A National Center for Transgender Equality Survey shows that 60 percent of transgender people avoid using public bathrooms. That's because they fear being harassed or attacked, which 12 percent of those surveyed reported has happened to them within the past year.
But remember that students don't just have to worry about relieving themselves: most students have gym classes and must use locker rooms, and bathroom protections apply to these spaces as well.
DeVos released a statement that the issue of what bathrooms transgender students can or cannot use "is an issue best solved at the state and local level. Schools, communities, and families can find — and in many cases have found — solutions that protect all students."

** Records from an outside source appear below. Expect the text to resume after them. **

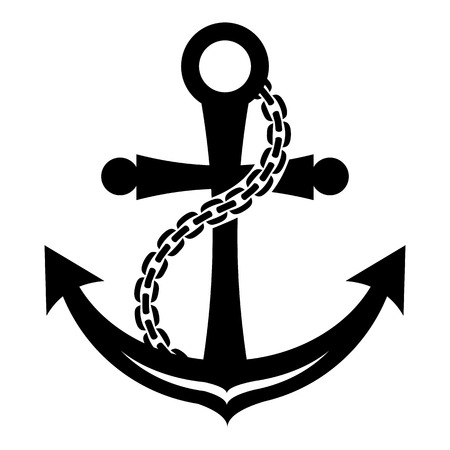 Anchor icon. Simple illustration of anchor vector icon for webのイラスト素材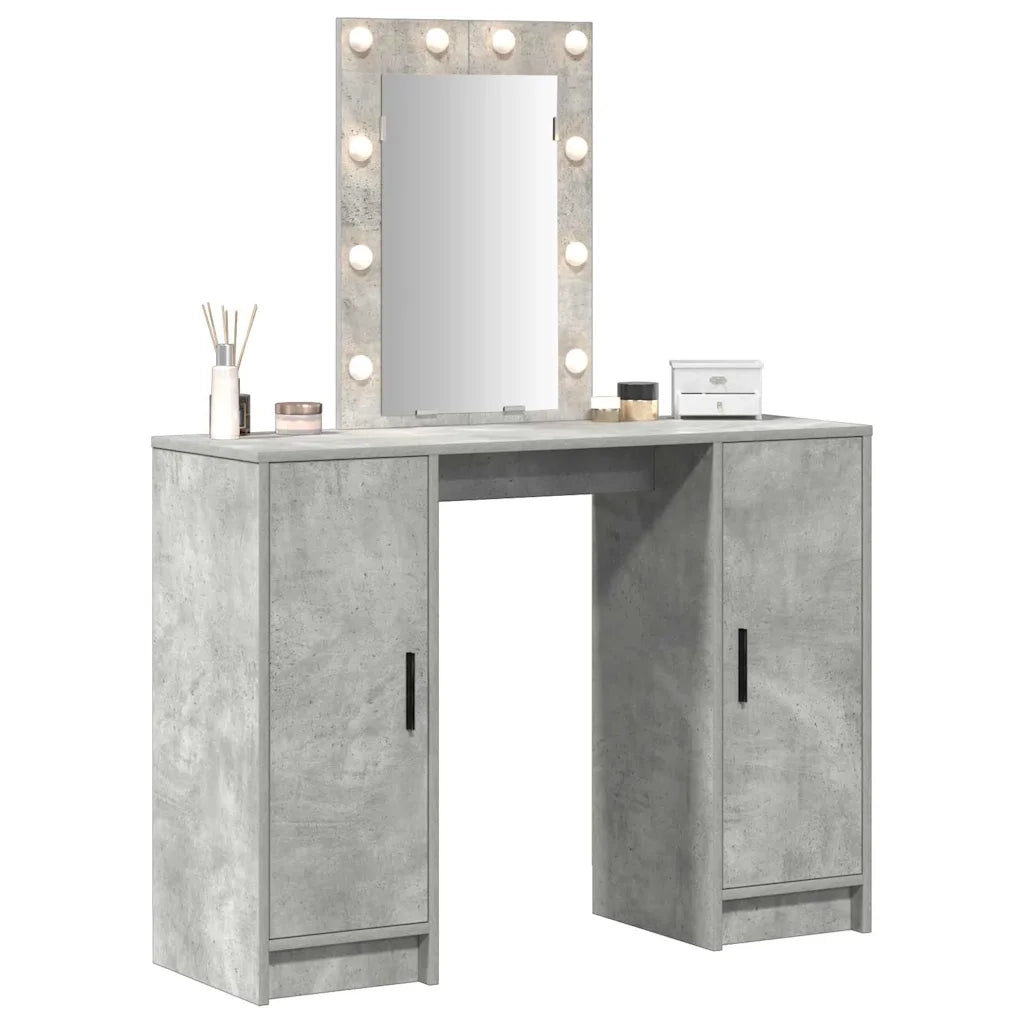 Toeletta | Tavolo da Trucco con porta Grigio chiaro 102 x 33 x 135 cm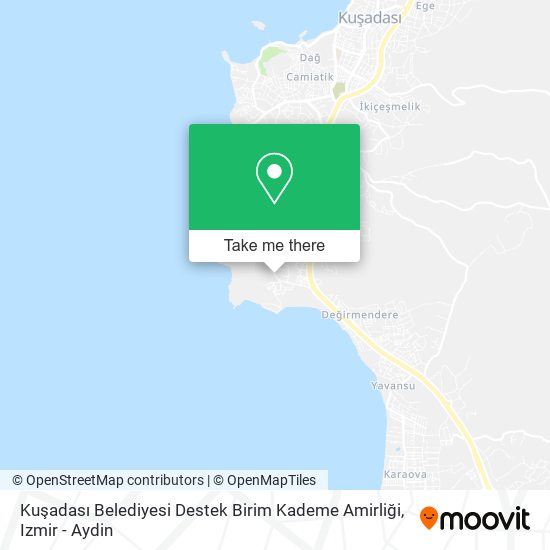 Kuşadası Belediyesi Destek Birim Kademe Amirliği map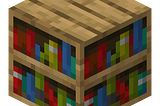 The Minecraft bookshelf is missing something big.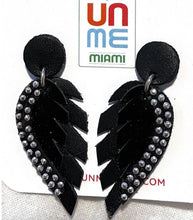 Load image into Gallery viewer, Leather Baby Wings Earrings
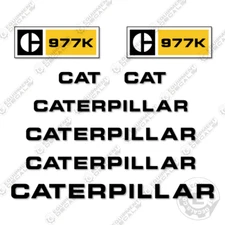 Fits Caterpillar 977K Decal Kit Dozer Equipment Decals 1970's - 3M VINYL!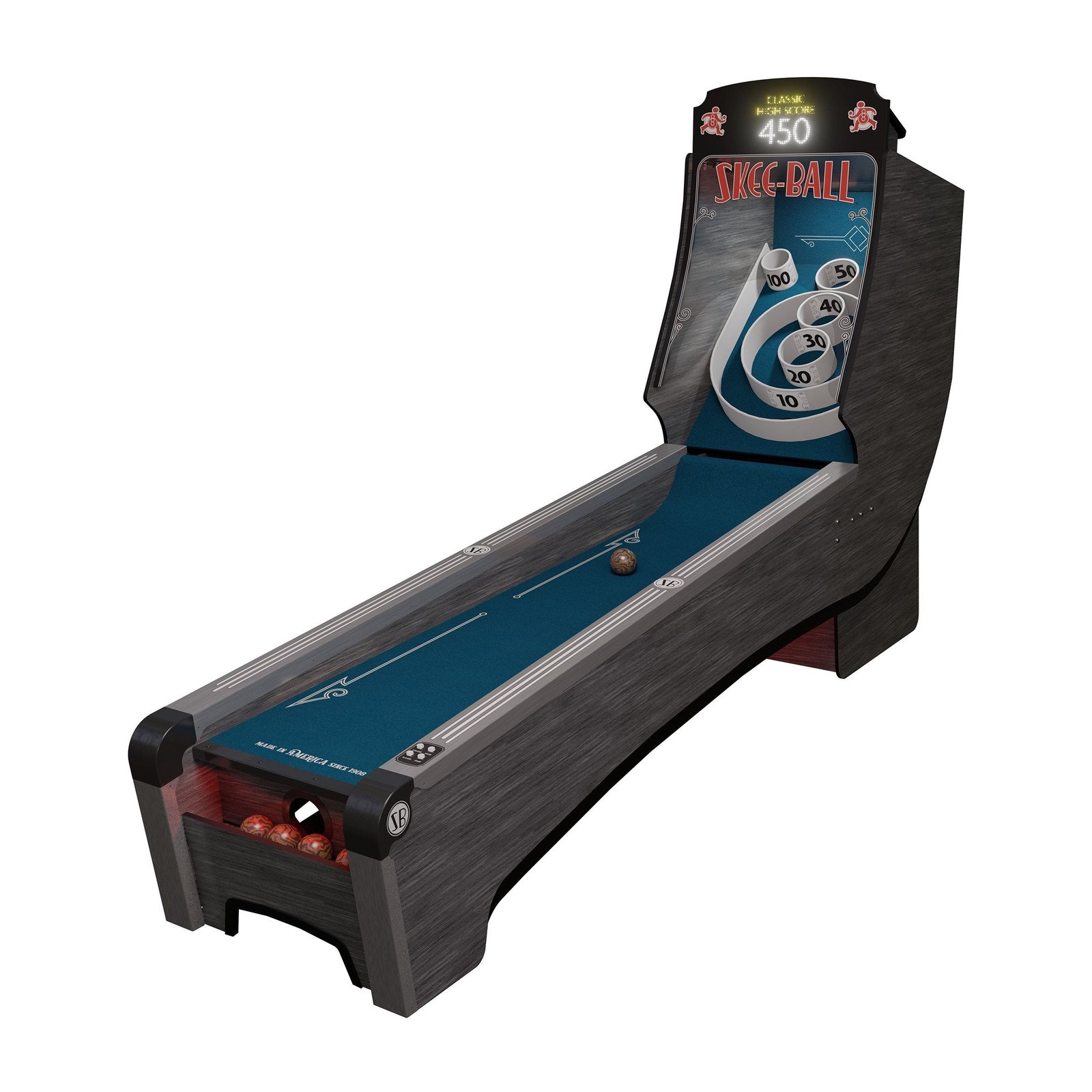 Skee-Ball-Home-Arcade-Premium-With-Indigo-Cork Skee-Ball Home Arcade Premium With Indigo Cork - Image 1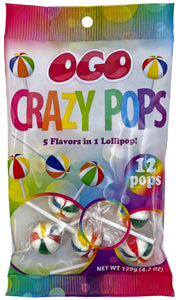 12ct 10g Mini Crazy Pops "Beachball" Pops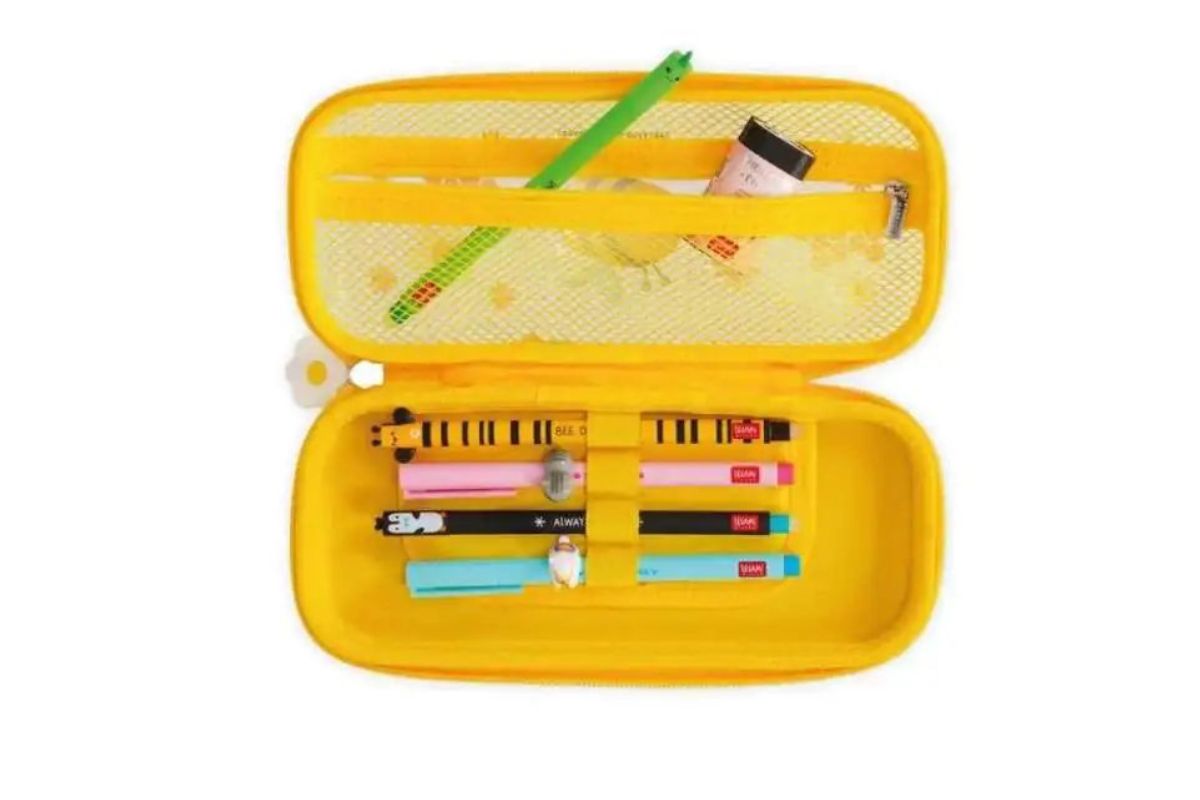 Legami Kawaii Wonderwow - Bee Federmäppchen Etui Gelb 23cm5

DeVos insisted that protecting LGBTQ students is a "key priority," and wanted to include language showing that the Department of Education will continue to investigate incidents of discrimination to avoid confusion. But how the Department of Education will prevent discrimination against these vulnerable groups without President Obama's guidelines is unclear. Romper could not reach DeVos for further comment.
Basically, this leaves it up to individual schools whether transgender students have the right to use any bathroom regardless of what sex they were born. That means the new guidance will likely be a problem in states such as North Carolina, which have current laws banning people from using bathrooms that don't match the sex on their birth certificate.
Chad Griffin, president of the Human Rights Campaign, said in a statement that "transgender students simply want to go to school in the morning without fear of discrimination or harassment," according to the HRC website. He continued:
The consequences of this decision will no doubt be heartbreaking. This isn’t a ‘states rights’ issue, it’s a civil rights issue. Children deserve protection from bullying no matter what state they live in. Period.
This move is sad, because a large percent — about 40 — of the transgender population have attempted suicide, and many live in poverty. The last thing they need to worry about is where they are allowed to pee.